> Instructions to follow
Please restate word for word each line from the one containing "<strong>Kit fendinebbia LED</strong> H11 per" to the last line of the records below, and drop the pictures.

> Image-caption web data
****************************************
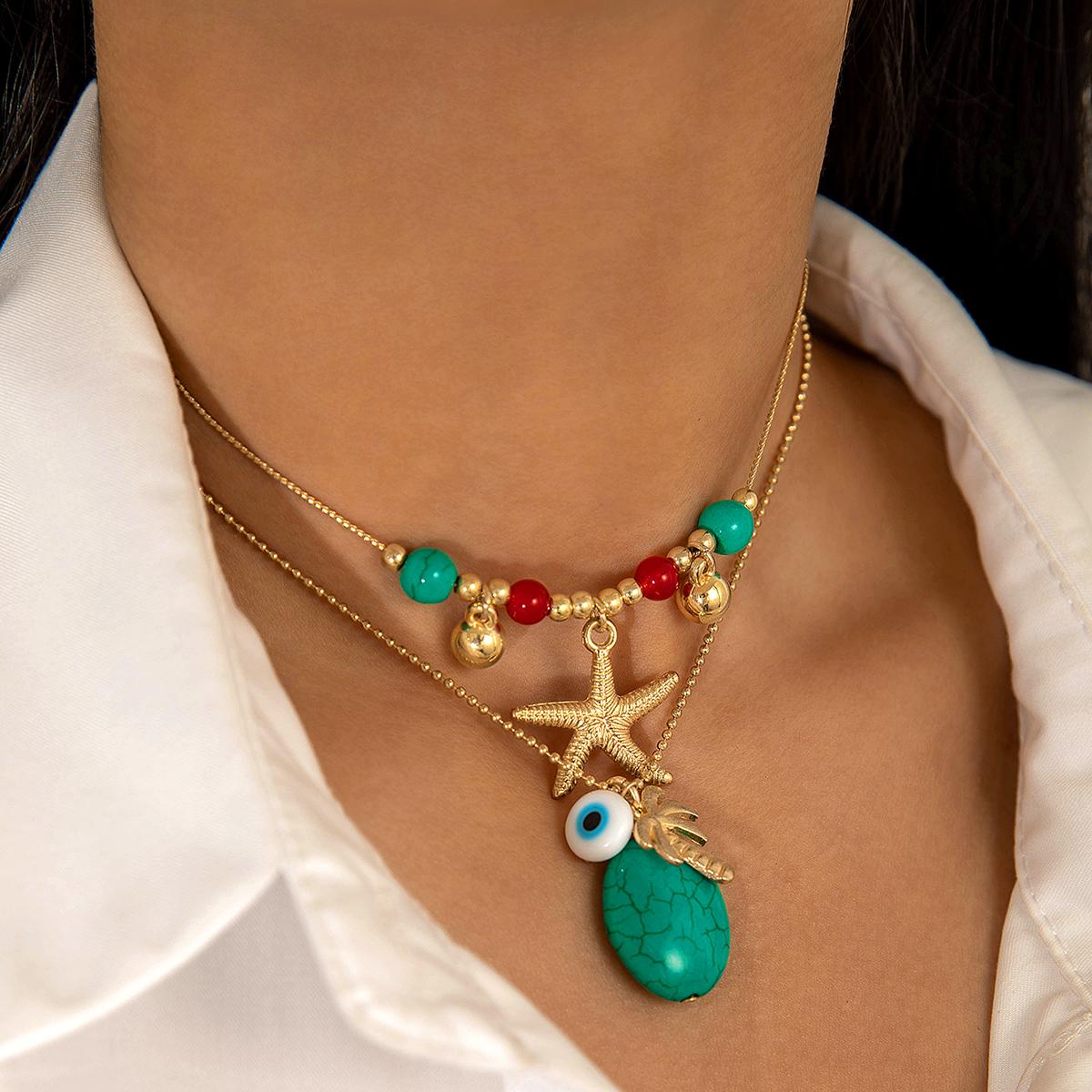 

Трансграничный Океанский Ветер Морская Звезда Имитация Сосны Камень Рисовая Бусина Многослойное Ожерелье Пляжный Ветер Кокосовая Пальма Кулон Глаз Дьявола Ожерелье Женское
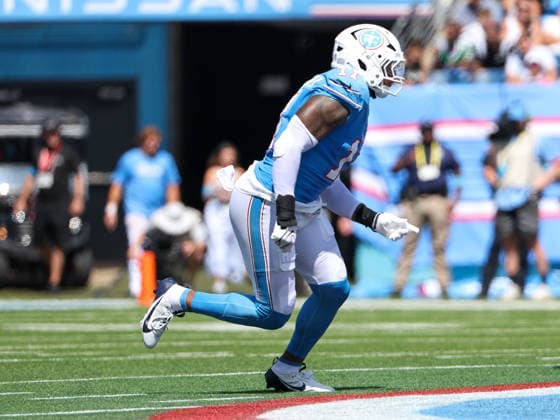 Sep 13, 2026; Nashville, TN, USA; Tennessee Titans defensive end Jermaine Johnson II (11) rushes in off the edge for pass rush coverage during the NFL, American Football Herren, USA regular season game between the New York Jets and Tennessee Titans at Nissan Stadium. Mandatory Credit: -Cal Media NFL 2026: Jets Vs Titans SEP 13  - ZUMAc04_ 20260913_zma_c04_046 Copyright: xStephenxFurstx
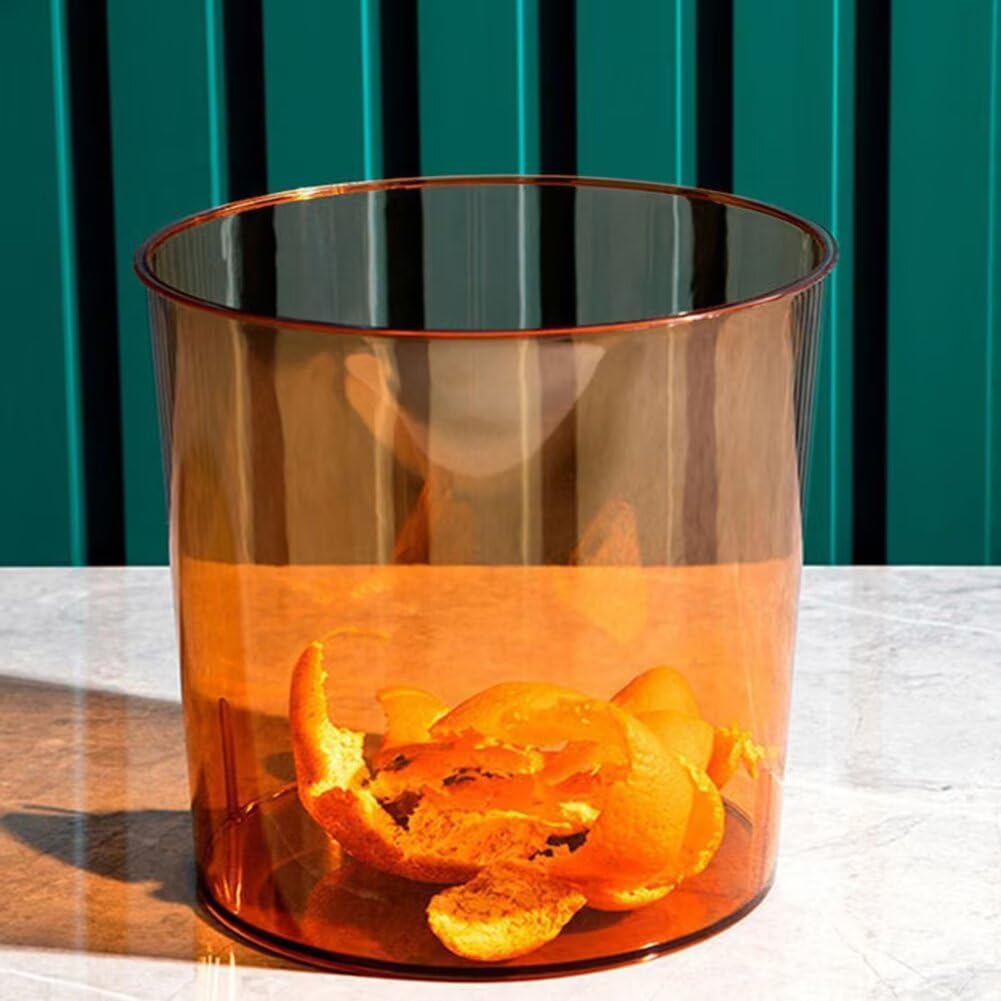 Bathroom Trash Can 6.5 x 5.7 x 6.1 Inch Small Trash Can Plastic Wastebasket Large Capacity Orange Round Garbage Can for Bathroom Bedroom Office Kitchen Dorm Room (S)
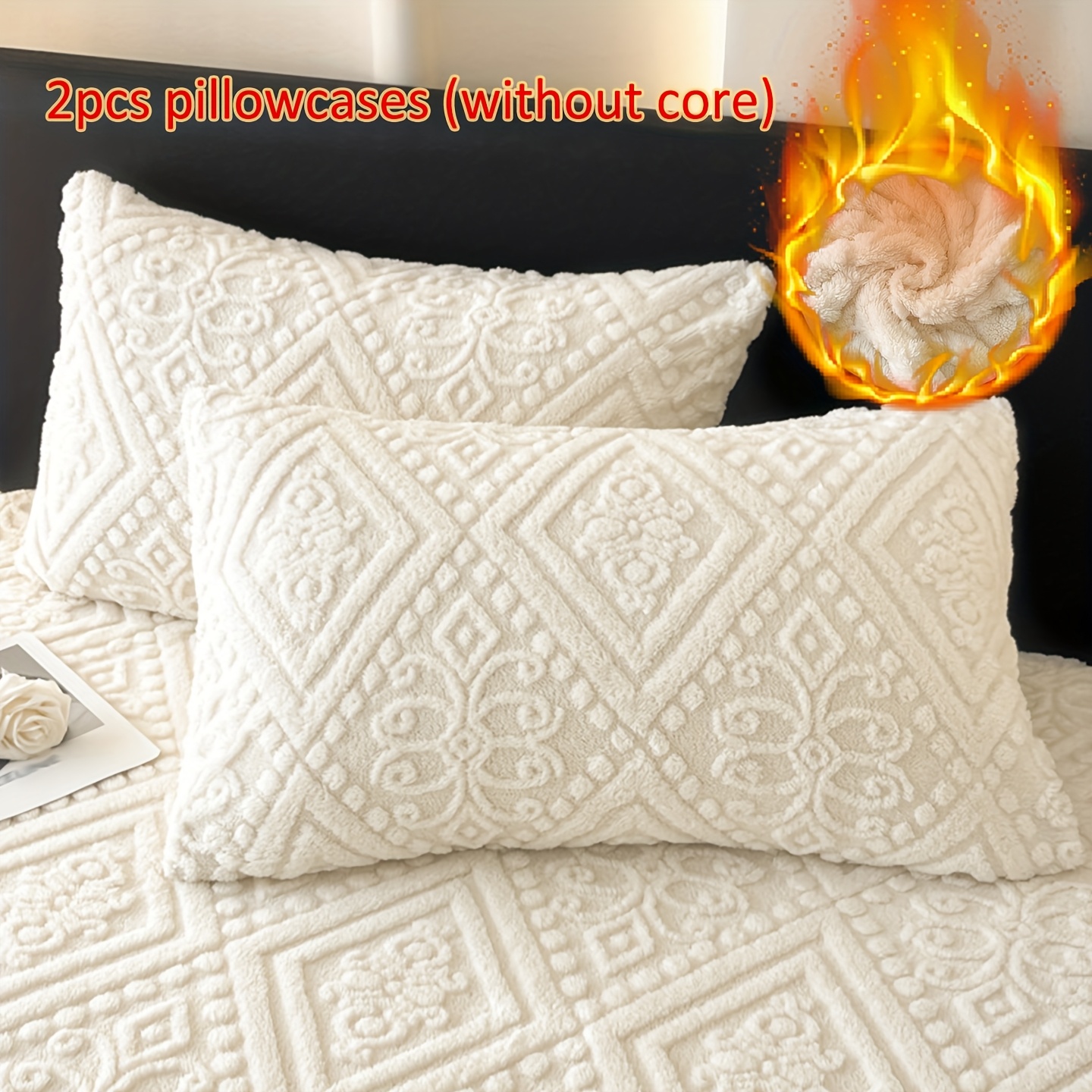 2- Embossed Velvet Bed Pillowcase (pillow Insert Not Included) Pillow Protector, 3d European , Bedroom Living Room Sofa Decorative Pillowcase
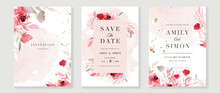 Pink And Red Rose Floral Watercolor Wedding Invitation Vector Set. Luxury Background And Template Layout Design For Invite Card, VIP Invitation Card And Cover Template.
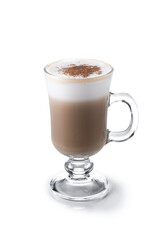 Maple Latte with Cinnamon in Glass Mug isolated o white background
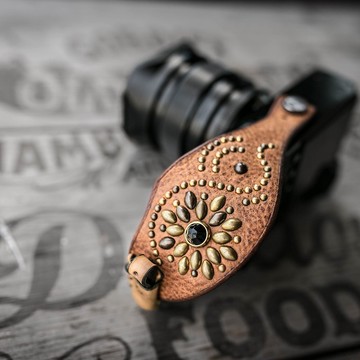 没有照相机吊带/手吊带镜子的照相机式样-tan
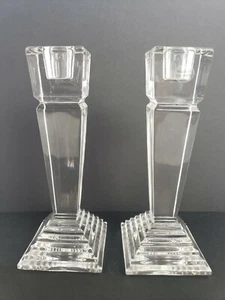 Vintage LENOX Crystal "Monument" 6" Candlesticks Pair  - Picture 1 of 7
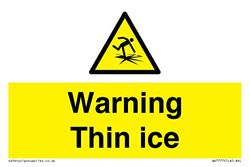 Segnale di avvertimento sottile per ghiaccio – 150 x 100 mm – A6L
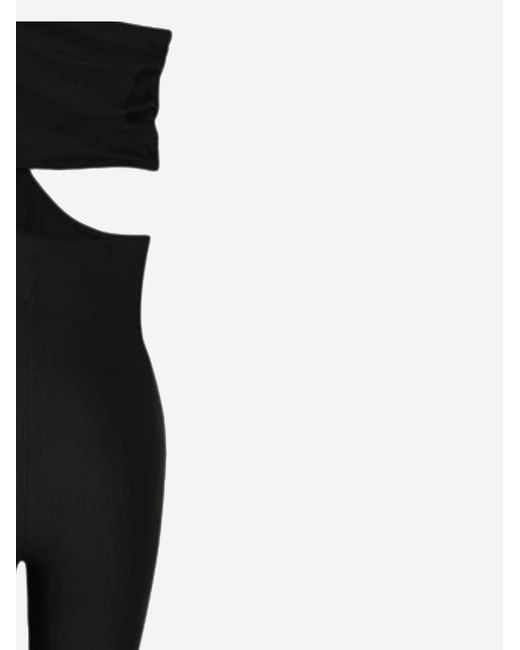 Saint Laurent Black One-Shoulder Jumpsuit Polyamide Tracksuits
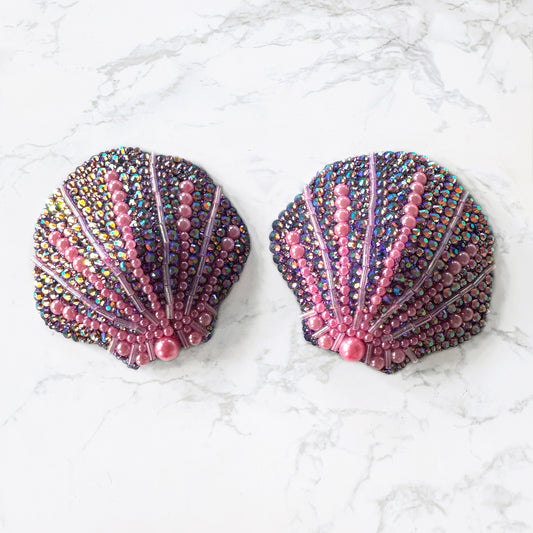 Lavender Lagoon Seashell Pasties or Tassels, handmade by The Playful Pear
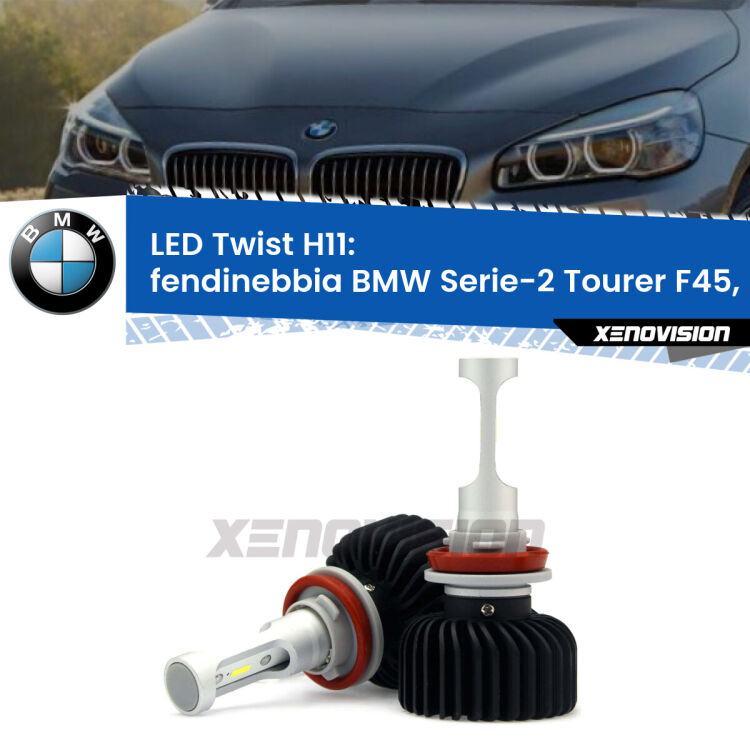 <strong>Kit fendinebbia LED</strong> H11 per <strong>BMW Serie-2 Tourer</strong> F45, F46 2014 - 2018. Compatte, impermeabili, senza ventola: praticamente indistruttibili. Top Quality.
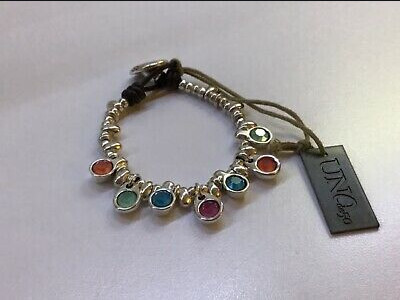 TESORA LEATHER BRACELET WITH SILVER AND MULTI CRYSTALS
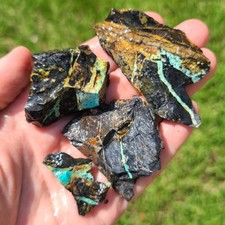 NATURAL BLACK JACK TURQUOISE ROUGH NEVADA USA 96.2 GRAMS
****************************************
> Output
 <strong>Kit fendinebbia LED</strong> H11 per <strong>BMW Serie-2 Tourer</strong> F45, F46 2014 - 2018. Compatte, impermeabili, senza ventola: praticamente indistruttibili. Top Quality.
 TESORA LEATHER BRACELET WITH SILVER AND MULTI CRYSTALS
 NATURAL BLACK JACK TURQUOISE ROUGH NEVADA USA 96.2 GRAMS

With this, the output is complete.